Let’s face it. Your phone is your real “other half.” You cannot get through your day without it, and you probably struggle to remember what life was like before you were connected at every waking moment.
Last month I lost my debit cart. I’m pretty sure it fell out of my pocket on the sidewalk in a relatively shady part of town. When I realized it was missing, I didn’t panic at all. As a matter of fact, I said repeatedly “it’s no big deal” and casually ordered a new card in the next few days.
Flash forward to this week when I lost my mobile phone (in my house) for 5 minutes. I panicked. I asked someone to call my phone, I retraced my steps, and I did not rest until I found that beloved iPhone 5C.
Moral of the story: I’m pretty sure I have a problem. And you probably do too.

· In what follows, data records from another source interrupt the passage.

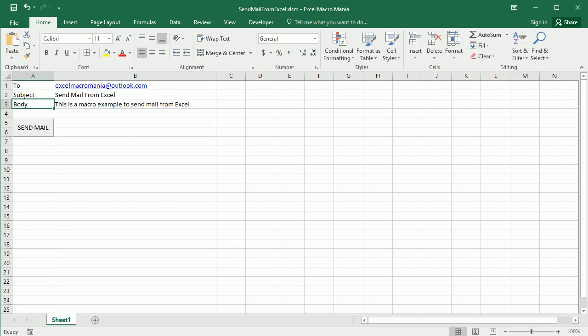Hello and welcome to the channel. In this video we'll see how to send an email from Excel using VBA macros, and we're gonna need Outlook configured with an email address.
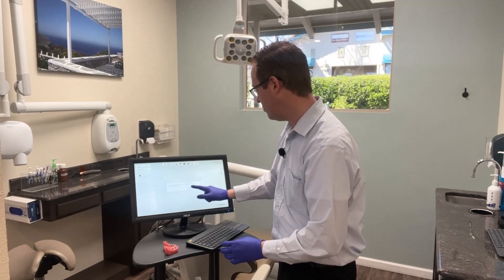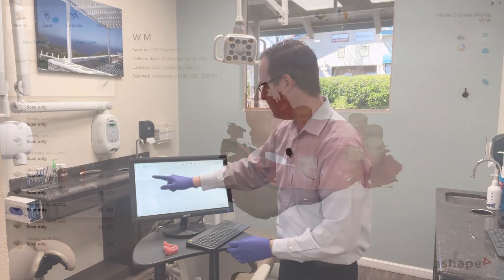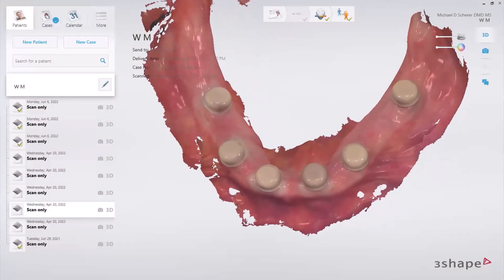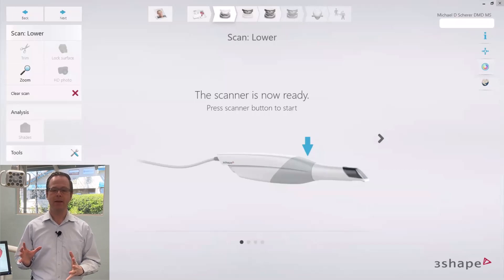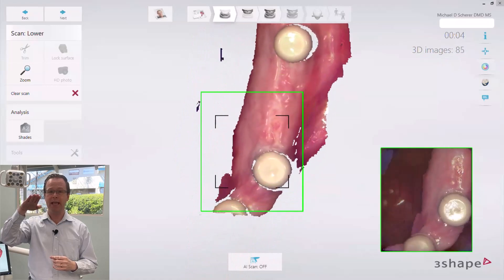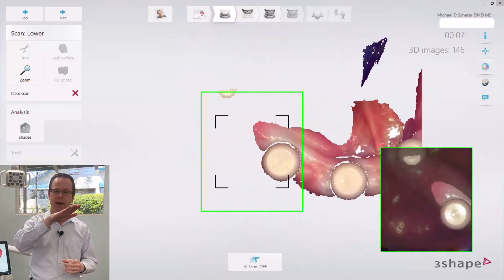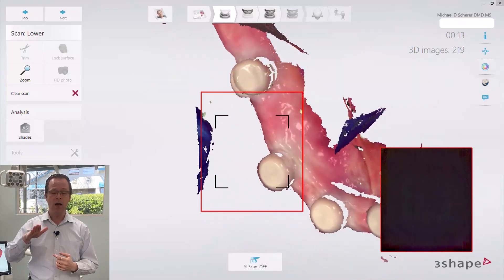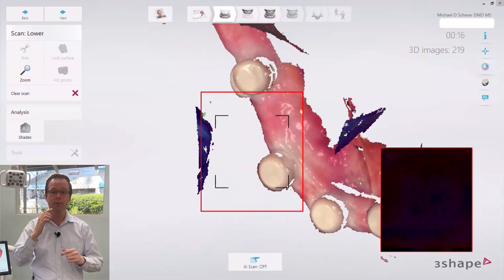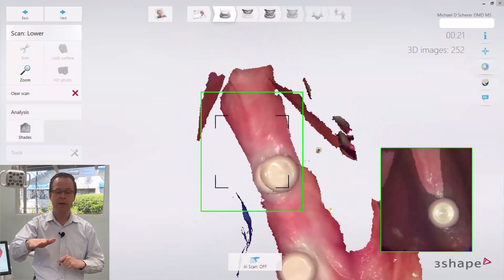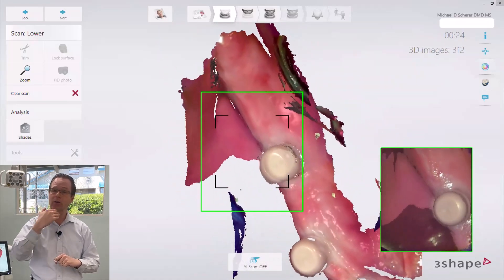Now coming back to that patient I showed you before, let's review the actual scan footage so you can see it up front and close on a real patient. As I open up the scan, I start by scanning from the lower left. Notice I start by holding my scanner away, bouncing out as I slide across the edentulous ridge, crossing the midline going over to the patient's right side. I started to pick up a little bit of double image — abort. I go back to the midline, bounce down to pick up some of the vestibular area, and you can see my assistant's mirror holding the tongue back.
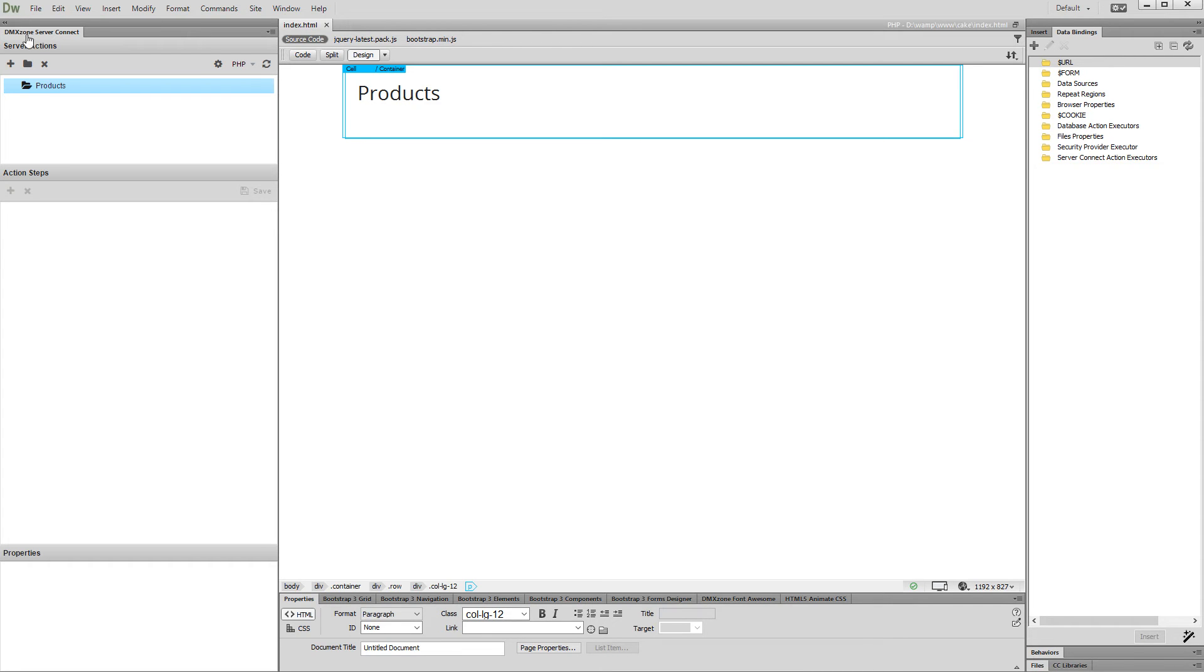First, let's create a server action file and add a name for it.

But if you want to read a carefully crafted step-by-step article about how to “unplug” and maintain a “healthy relationship” with your smartphone, this is not it.
Instead, let’s talk for a few minutes about how being attached at the hip with your smartphone can actually help you excel and engage at work. Your mobile device is a tool, and the best companies are using this new “connectedness” to interface with employees like you in new and exciting ways.
The most obvious perk of being a hyper-connected employee is connecting with co-workers outside of the office.
Every job I have ever loved included some out-of-office connection time with my co-workers. Show me someone who’s disengaged and unhappy with their work, and I’ll show you someone who leaves the office Friday evening and doesn’t talk to their co-workers until Monday morning. I’m all for days off and vacations, but who says you can’t communicate ideas, thoughts, and funny cat videos with your co-workers on nights and weekends? In the pre-smartphone era, you might have waited until Monday to share the brilliant idea that came to you on Saturday morning, and by then all of your enthusiasm and positivity would have dwindled. Often, we are most creative when we are out of the office and well-rested, and having the connectivity to share an idea as it is happening leads to increased productivity and engagement at work.
Smartphones and mobile connectivity also allow you to communicate with your boss more frequently.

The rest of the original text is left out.